Considered one of the greatest players of football’s Victorian era, Nick Ross captained Everton through the inaugural Football League season. His time at Goodison was brief and seemingly unhappy, but he is worthy of recognition as one of football’s first genuine legends.
Born in Edinburgh, Ross was part of the first generation of Scots to play football and started out aged 12 with Edinburgh Rovers, one of the country’s first teams. Later he played for Hibernian and Heart of Midlothian, whom he captained aged 20.
Ross came to England in 1883 as part of Preston manager William Suddell’s Scottish recruitment drive, which saw many of the best players drawn to England by the promise of financial incentives. These were, of course, illegal until the Football Association gave in to professionalism in 1885. But Preston’s willingness to make under the table payments gave them a head start, allowing them to assemble the best team in the land.
Ross’s greatness was immediately apparent. ‘If one were asked to name three of the greatest full-backs that ever graced the Association game, one would be compelled to include the late Nicholas J. Ross as one of the illustrious three,’ wrote William Gibson and Alfred Pickford in 1906. ‘Nick Ross could kick artistically – and otherwise; he could “place” the ball beautifully to his comrades; he could take care of himself in a charge; he rarely came second best out of a scrimmage, but it was not all nor any of these qualities that made him a man in a million. Ross was probably the best full-back that ever lived, because he knew everything that a back ought to know, but because he had the faculty of winning matches. He possessed the indefinable something, that magic quality which, for lack of a better word, we call genius.’

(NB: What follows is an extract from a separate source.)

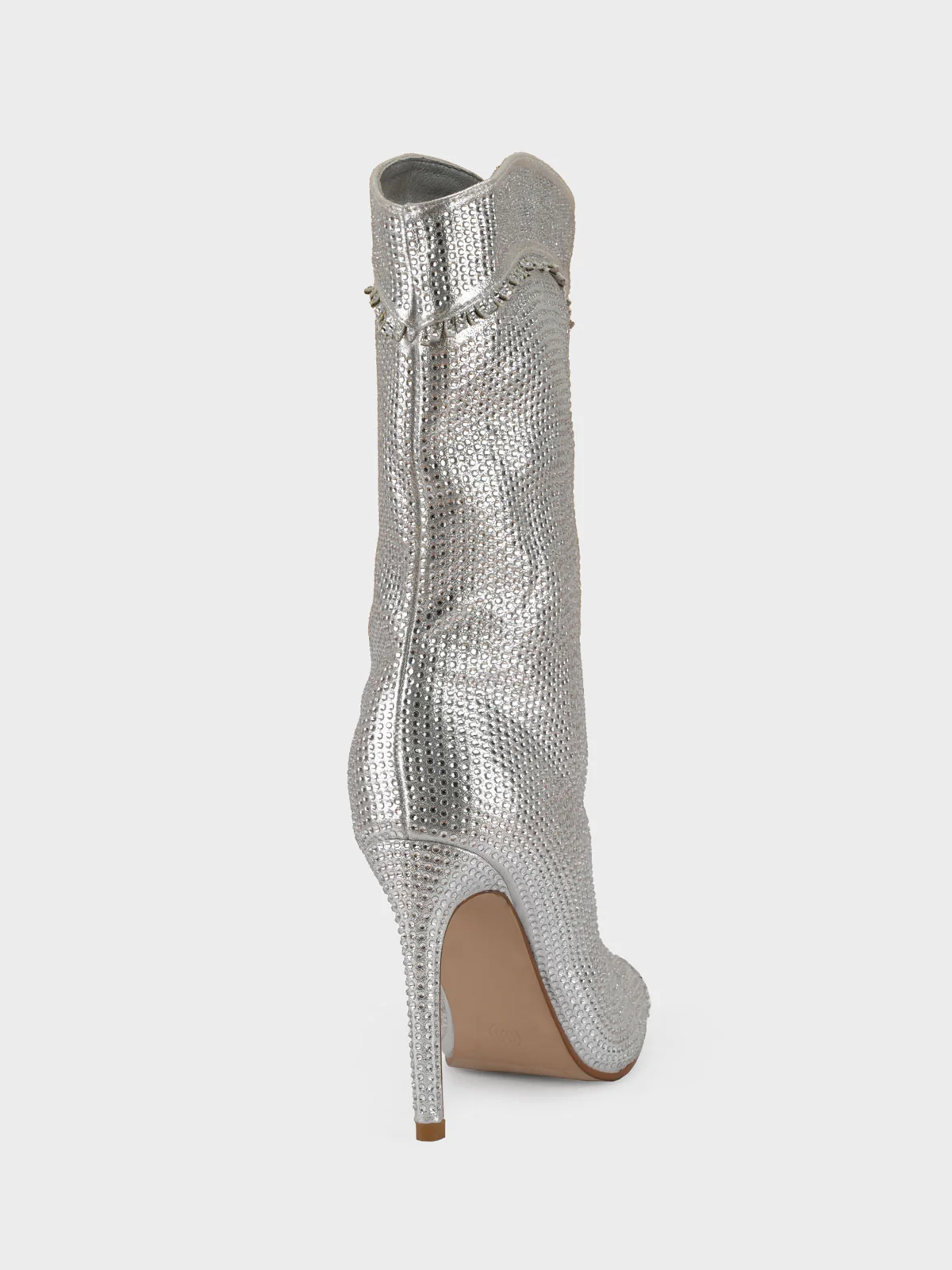 Women "GIANNI" Pointed Toe Fringe Long Boots - Image 3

Opposing wingers seemed to fall apart when faced by Ross. If they tried to go around him they would lose the ball or be forced into touch. If they tried to pass to another player, Ross would anticipate the movement and intercept. He was neither tall nor particularly thin, but seemed a dapper, elegant figure on the field. He was aware of his abilities, but never egotistical.
‘He was supposed to play back – and he did – but as a matter of fact he played practically everywhere,’ wrote Gibson and Pickford. ‘He was quick to discern not only the weakness of his own side, but also the weaknesses of his opponents… In actual play… he seemed like a man possessed, yet in spite of all his fire, all his dash, all his activity, he always remained cool in an emergency, collected in a scrimmage, calm in the wild whirl that often sends twenty-two strenuous men wild with excitement.’
Ross joined Everton on the eve of the inaugural Football League season in 1888. He represented a fine bargain, with the club’s management committee paying just £17 10/- to secure his services – which equated to his summer wages at Preston. He was paid £10 per month – a substantial amount at a time when Everton’s annual turnover was only £2,251 – but such incentives were necessary to lure one of the finest players of the era.
Everton, however, were no Preston and in some respects had represented a surprise addition to the Football League. Throughout this debut league season they struggled to find their rhythm and Ross, who also filled in as an auxiliary centre forward on occasion, at times seemed like a luxury.
There was also a sense that Ross, as captain, was treated badly by Everton’s management committee. A letter to The Liverpool Courier in February 1889 recalled an incident prior to the game against West Bromwich Albion at Anfield. The opposing captain complained about the condition of the ball and asked Ross to request a new one, but when he did was publicly rebuked by a member of the committee. ‘Such treatment of a first class player is sufficient to cause him to be most careful in giving him content to play for the Everton club,’ noted the correspondent.
Worse still for Ross, he attracted the opprobrium of some ‘so-called supporters’ and was subjected to ‘threats and foul abuse’ according to the Everton Executive. As the season drew to a disappointing conclusion they were forced to issue a public statement of confidence in their star player and declared anyone guilty of ‘hooting or mobbing’ players and referees to be ‘enemies’ of the club.
Ross, however, had evidently had enough of Everton’s fickle fans and at the end of the season rejoined Preston. He had missed their ‘Invincibles’ season when they won the league and FA Cup double without losing a game, but trophies were not far away. Indeed if it was revenge he sought after his unhappy year at Anfield, he soon got it as the Lilywhites pipped his former club to the 1889/90 title by just two points. Twice in the subsequent two seasons he finished a league runner up. In March 1893 Everton were to end Preston’s FA Cup ambitions, beating them in the semi final after two replays.
This was to be Nick Ross’s last stab at glory. The following year he took ill with tuberculosis – an often lethal condition in the Victorian era – and died, aged just 29. ‘He had the dual temperament of fire and water,’ recalled Gibson and Pickford. ‘His flame never danced and flickered; it glowed steadily and lit up all the scene.